Under The Big Black Sun: A Personal History of L.A. Punk
- First edition
- Author: John Doe Tom DeSavia
- Language: English
- Subject: Punk rock
- Genre: Music
- Publisher: Da Capo Press
- Publication date: 2016
- Publication place: United States
- ISBN: 978-0306824081

= Under the Big Black Sun (book) =

Under The Big Black Sun: A Personal History of L.A. Punk is a book by John Doe of the American punk rock band X and co-author Tom DeSavia. The book examines the evolution of Los Angeles punk rock between 1977-1982, covering the years between the emergence of punk as an underground phenomenon and ending as some of the musicians in the scene crossed over to mainstream success. The book featured guest chapters by Exene Cervenka (Doe's ex-wife and co-lead vocalist in X); along with Jane Wiedlin and Charlotte Caffey of The Go-Go's, Mike Watt of Minutemen, and Henry Rollins of Black Flag. Green Day's Billie Joe Armstrong penned a foreword for the book.

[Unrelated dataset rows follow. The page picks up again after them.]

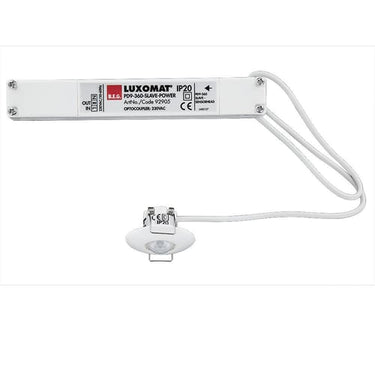 PD9-S-i Slave enhed Slave 230V Ø10m/h2,5m indbygning. - 1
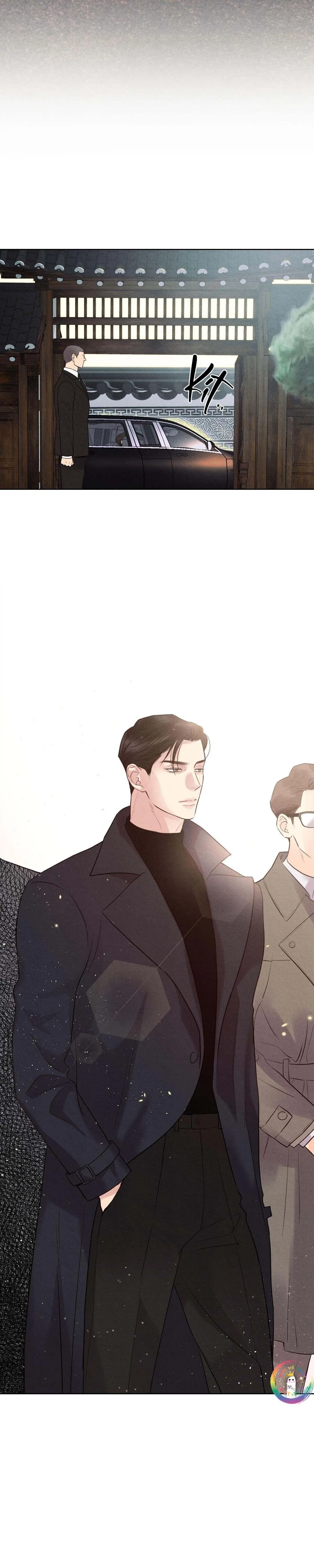 Ác Nhân Đàm Chapter 17 Trang 3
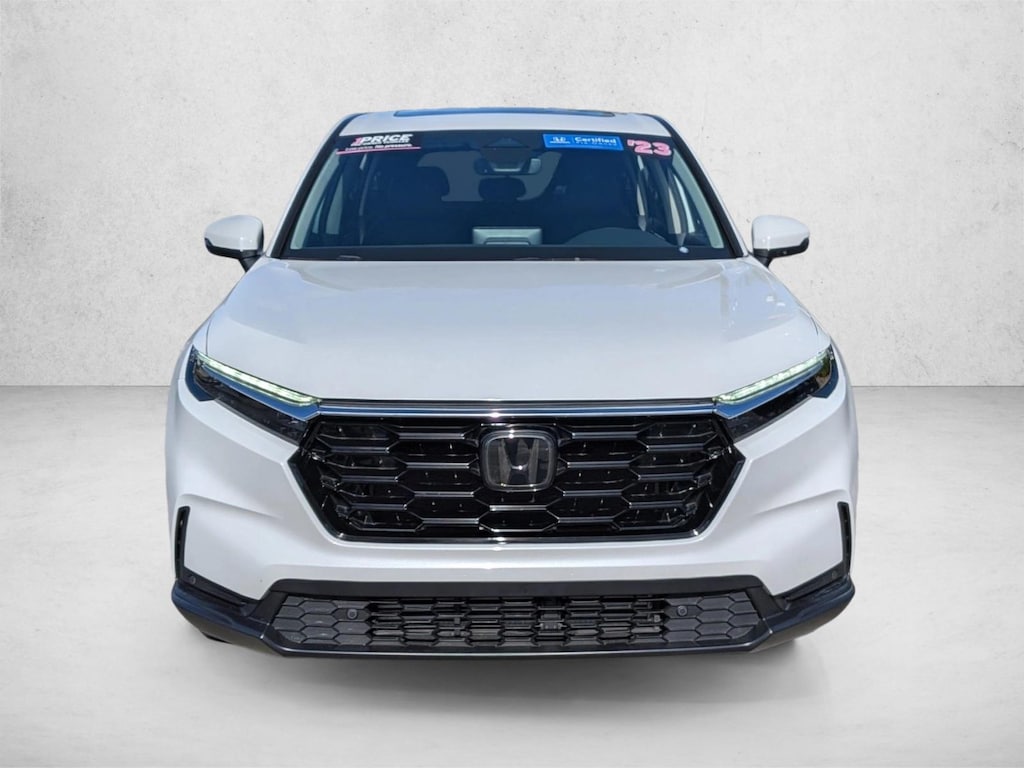 Certified 2023 Honda CR-V EX-L w/BSI SUV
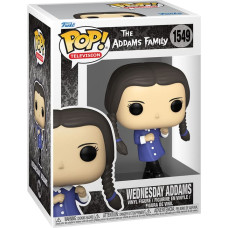 Funko POP! Vinilinė figūrėlė: Addams Family - Wednesday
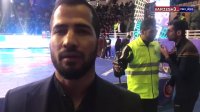 امید نوروزی:به‌درخشش‌کشتی‌فرنگی‌در المپیک‌خوشبینم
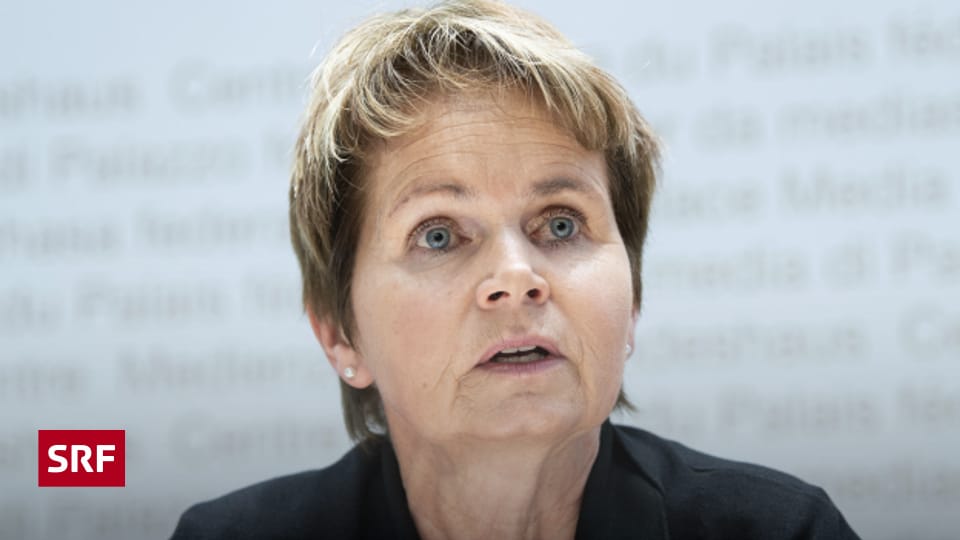 Ständerätin Brigitte Häberli tritt nochmals an Regionaljournal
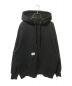 WTAPS（ダブルタップス）の古着「22AW VANS VAULT HOODIE」｜ブラック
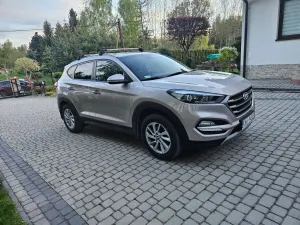 Hyundai Tucson III 1.6 GDi Comfort 2WD 2018
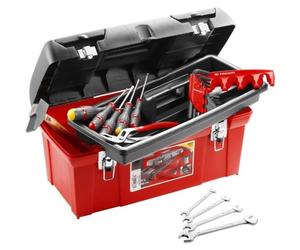 corpo Polypro + 20 utensili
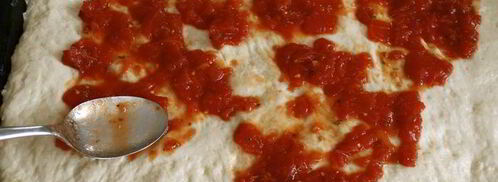 пицца париджина. Шаг 6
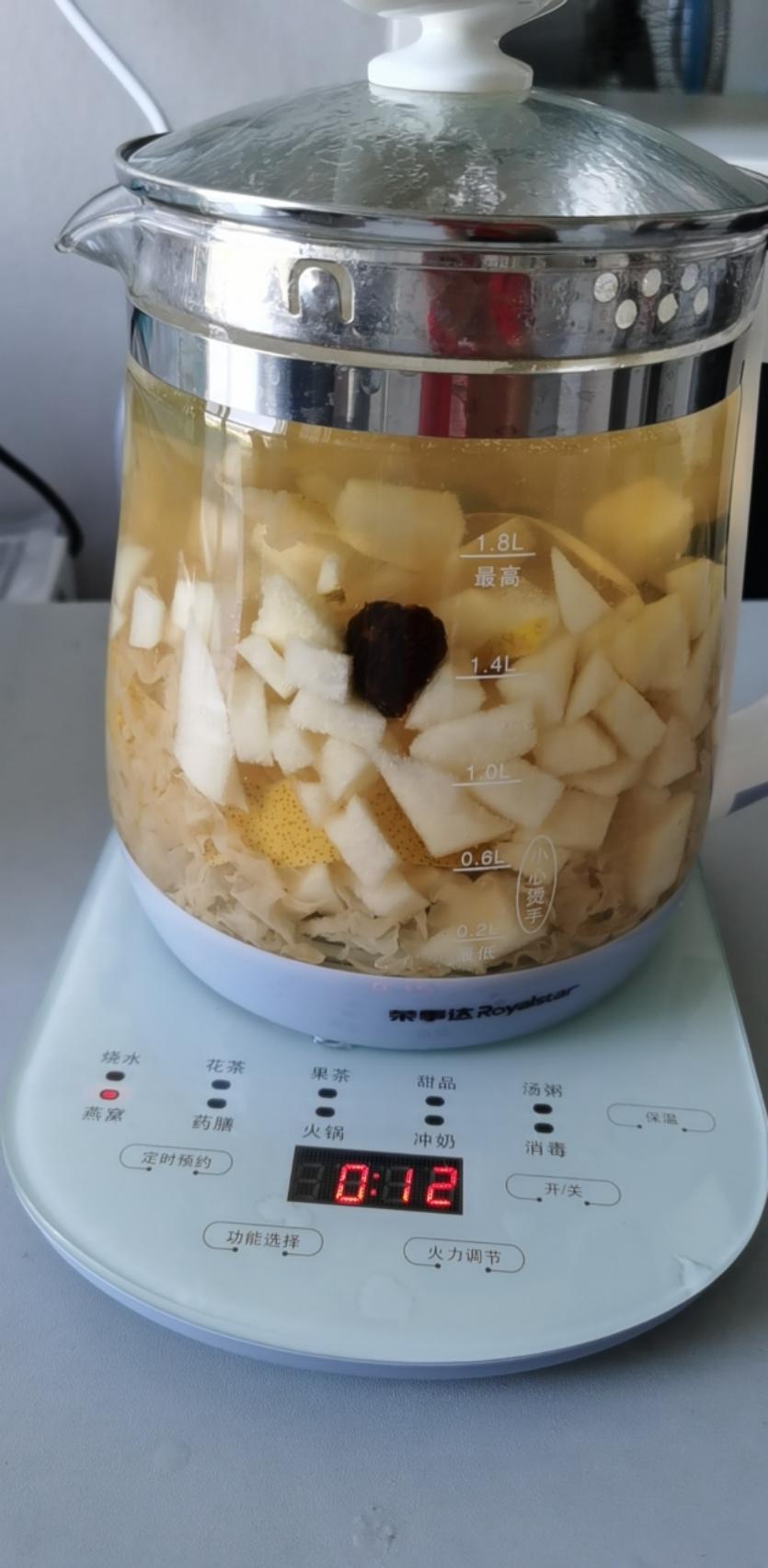 老北京小吊梨汤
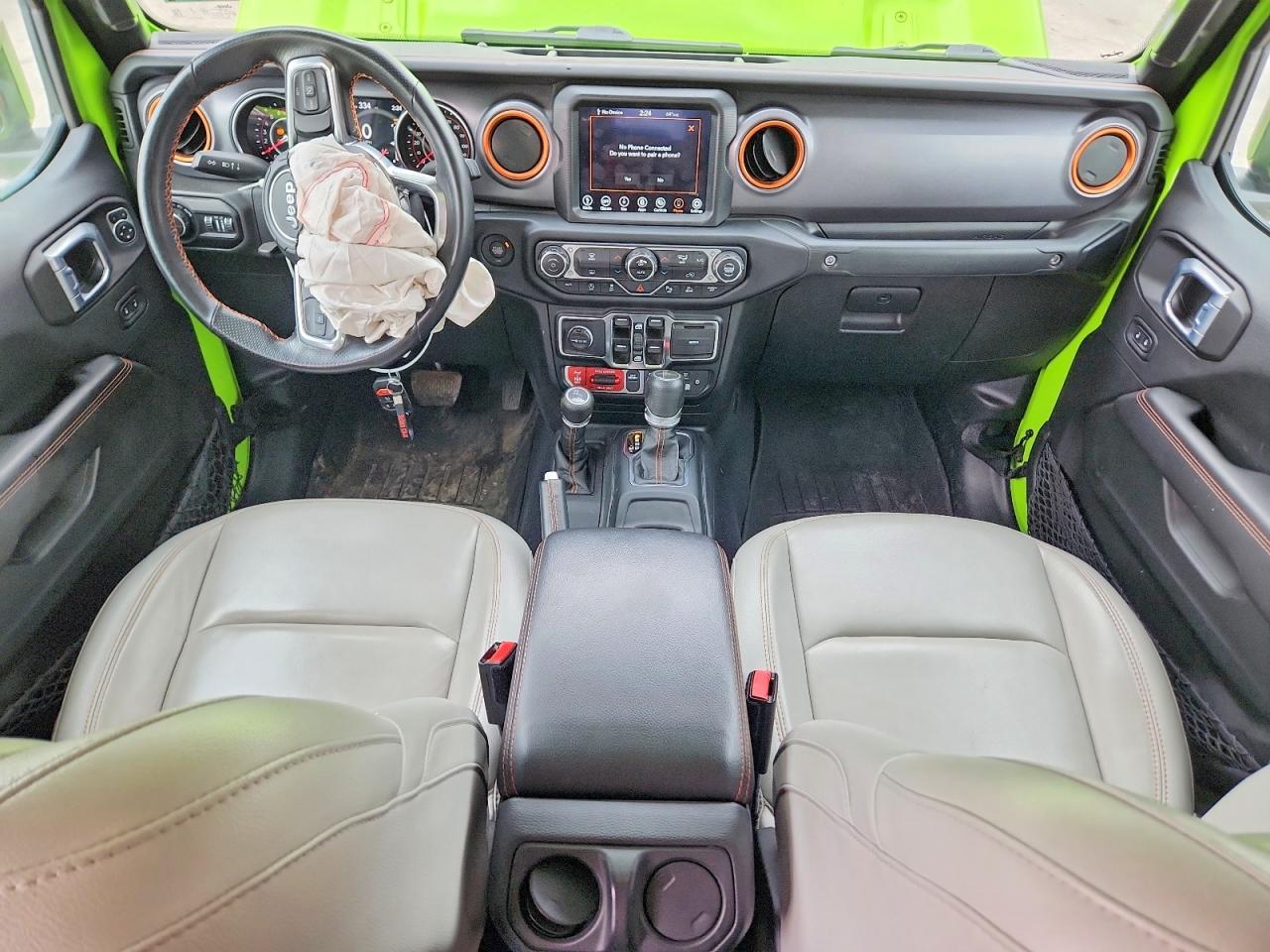 2021 Jeep Gladiator Mojave - zdjęcie 8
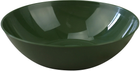 Тарелка глубокая Kombat Plastic Cadet Bowl D-16 см Оливковая (kb-pcb)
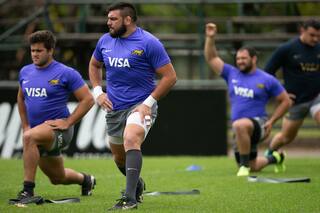 Los Pumas pierden a otro primera línea: Ramiro Herrera se bajó por lesión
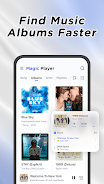 Magic Music Player应用截图第2张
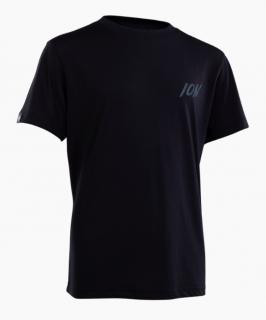 ION dětský dres SS Graphic DR 2024 - BLACK Velikost: YM/140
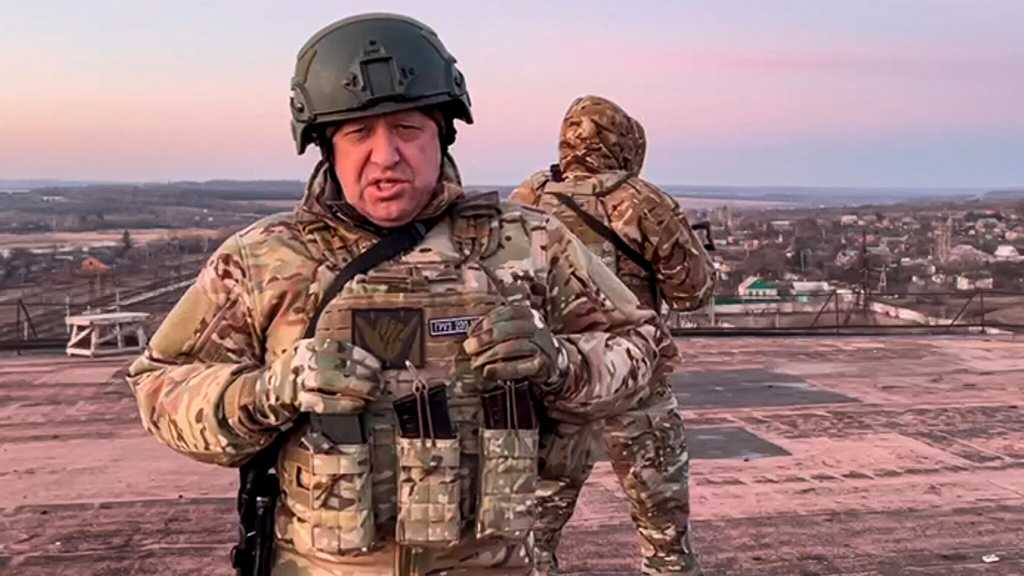 Belarussian President: Wagner Group Chief is in Russia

The audiobook version received a Grammy Award nomination in the "spoken word" category.

==Reviews==
Eric Noble-Marks of Exclaim! gave the book 7 out of 10 commented that although it is "flawed and incomplete," the book "is valuable for not only giving us a glimpse into what punk rock looked like and sounded like, but also what it felt like." Ryan Bray of The A.V. Club gave the book a "B" rating and noted the potential difficulty of the "erratic structure of DeSavia and Doe’s narrative." Jedd Beaudoin of PopMatters gave the book eight out of ten stars and said the memoirs allow the reader to "feel something akin to being there."